No problem... That's fine, but it does make it hard to determine whether you're being paranoid or if you have reason to be. FWIW I don't trust a lot of people anymore. Wish I had some better advice.
 
This is a miserable beast of a thing, isn't it? Aside from all the classics like looking inward and such, the only thing that's helped me tremendously is to taper off of benzodiazepines. I've been on them for years and never abused them, however, I went from being fine to being near neurotic. The obsessive thoughts only came about in the last couple years and were completely non-linear. I couldn't figure out what caused such a shift from "normal" to raving bitch until I started tapering. I'm almost done and the difference in my overall attitude on the days I don't take them is a welcome respite. My on days are actually more anxiety producing than my off days.

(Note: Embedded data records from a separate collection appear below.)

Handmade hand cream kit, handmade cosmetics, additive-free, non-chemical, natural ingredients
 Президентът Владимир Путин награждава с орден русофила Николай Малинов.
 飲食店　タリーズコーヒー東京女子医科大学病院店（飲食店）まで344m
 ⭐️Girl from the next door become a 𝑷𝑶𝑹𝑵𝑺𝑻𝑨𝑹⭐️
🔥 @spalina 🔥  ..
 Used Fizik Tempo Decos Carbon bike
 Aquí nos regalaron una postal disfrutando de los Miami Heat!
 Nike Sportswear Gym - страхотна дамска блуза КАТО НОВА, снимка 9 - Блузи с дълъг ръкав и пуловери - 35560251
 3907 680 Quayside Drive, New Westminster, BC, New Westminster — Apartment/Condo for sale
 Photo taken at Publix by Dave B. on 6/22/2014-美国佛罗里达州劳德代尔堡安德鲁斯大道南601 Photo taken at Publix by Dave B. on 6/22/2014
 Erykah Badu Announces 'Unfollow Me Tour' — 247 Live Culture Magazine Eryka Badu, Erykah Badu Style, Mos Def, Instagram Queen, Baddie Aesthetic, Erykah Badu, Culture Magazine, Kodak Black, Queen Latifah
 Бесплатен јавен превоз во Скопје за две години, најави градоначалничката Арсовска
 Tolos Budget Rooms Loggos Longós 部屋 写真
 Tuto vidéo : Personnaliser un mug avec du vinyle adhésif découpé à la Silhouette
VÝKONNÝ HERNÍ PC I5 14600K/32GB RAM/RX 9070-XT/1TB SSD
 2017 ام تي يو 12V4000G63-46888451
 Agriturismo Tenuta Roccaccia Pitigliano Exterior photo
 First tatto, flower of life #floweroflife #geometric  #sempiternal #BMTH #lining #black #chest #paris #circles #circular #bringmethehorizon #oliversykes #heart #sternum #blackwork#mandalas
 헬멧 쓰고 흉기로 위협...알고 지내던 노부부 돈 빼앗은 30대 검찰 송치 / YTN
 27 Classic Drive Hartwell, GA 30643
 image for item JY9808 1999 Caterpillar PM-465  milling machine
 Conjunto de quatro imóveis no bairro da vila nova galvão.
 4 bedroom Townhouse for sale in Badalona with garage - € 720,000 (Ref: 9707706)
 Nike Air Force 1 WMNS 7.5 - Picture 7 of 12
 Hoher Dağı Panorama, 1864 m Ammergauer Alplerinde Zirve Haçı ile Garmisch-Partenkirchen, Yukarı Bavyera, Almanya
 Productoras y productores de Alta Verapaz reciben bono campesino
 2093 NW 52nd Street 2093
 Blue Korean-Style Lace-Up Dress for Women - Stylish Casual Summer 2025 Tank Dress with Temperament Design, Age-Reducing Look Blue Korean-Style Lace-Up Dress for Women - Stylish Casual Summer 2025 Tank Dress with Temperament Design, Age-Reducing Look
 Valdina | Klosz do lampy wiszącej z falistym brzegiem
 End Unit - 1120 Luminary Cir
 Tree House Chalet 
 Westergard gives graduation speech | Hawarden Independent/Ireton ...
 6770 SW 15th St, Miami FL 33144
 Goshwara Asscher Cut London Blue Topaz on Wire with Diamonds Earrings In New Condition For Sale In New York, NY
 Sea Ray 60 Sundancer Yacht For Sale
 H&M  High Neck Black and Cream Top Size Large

If you haven't already, maybe it's worth considering the medications you may be taking.
 
I quit the benzos about six months ago. I only take them very rarely now. Less then twice a month.

Yeah it helped a lot to stop those because they are not sustainable long term if you take them daily. I have actually switched up my medications. What I am on is helpful. My real problem is I hate uncertainty. Part of how I experience OCD is that I become worried by change. I also become worried by not knowing something especially if it is important to my relationship, and the sustainability of said relationship.